If you are struggling to uncover desired business results that lead to cash, perhaps it is time to modify your needs analysis process. Here’s a new model that is getting rave reviews — feel free to take it for a test drive during your next discovery meeting with a new prospect.
1. Assessment
Assess the desired results the business is looking to achieve. Don’t just accept the first desired business result, uncover several to be sure you end up with a meaningful assignment.
Ask questions like:
- Help me see the business through your eyes. When you look at your P&L, what do you pay the most attention to?
- What areas of the business account for the bulk of your sales?
- Do you have some emerging or growth areas that are showing strong promise?
- What key business results are you focused on achieving this year?
- Which results are you having trouble achieving?
- What opportunities do you want to capitalize on in the future?
2. Assignment
Summarize all the desired business results and select one to focus on.
Follow these steps:
- Summarize the desired business results you've uncovered so far.
- Ask if anything is missing from the list.
- Ask the advertiser to prioritize the list. Which is most important? Most urgent? Focus on an essential business result you have the capabilities to address.
- Test the emerging “Assignment” by asking questions about already-existing plans, potential spending to solve the problem, and how soon the prospect wants to see potential solutions.
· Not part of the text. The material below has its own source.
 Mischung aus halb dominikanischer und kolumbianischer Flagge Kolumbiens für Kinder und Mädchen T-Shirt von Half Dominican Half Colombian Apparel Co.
- Agree on one or more Assignment(s) the prospect wants help with and you will work together on.
3. Analysis
Once the assignment is clear, analyze the problem to solve. Find out what is getting in the way of achieving the desired business result. Lead with the consumer journey—focus on what they are trying to get the customer to do.
Ask questions like:
- Why are you focused on this business result? What makes it so important? What makes it tough to achieve?
- Who is the Target consumer? What consumer behavior will need to be influenced to achieve this result?
- What benefits do they seek? How does this advertiser stack up to competitors when it comes to delivering on those benefits?
- What is getting in the way currently?
- Describe the journey that brings them to making the purchase you want them to make.
- What are some of the things you need to see in the ideal solution?
- What has prevented you from having a solution already?
4. Agreement
Agree on how to measure success. What expectations do they have and how they will measure the results. You should weigh in on this as well. It’s good idea to have 2-3 ways to measure.
Come to agreement by asking questions like this:
- How would you describe the ultimate measure of success here?
- What return on investment are you looking for?
- Given our conversation about the consumer journey, what are some ways we can measure along the purchase path?
- What would be an early indicator of success?
Follow this 4-Step Needs Analysis in your next discovery meeting with a prospect to uncover desired business results that lead to closed deals and more cash.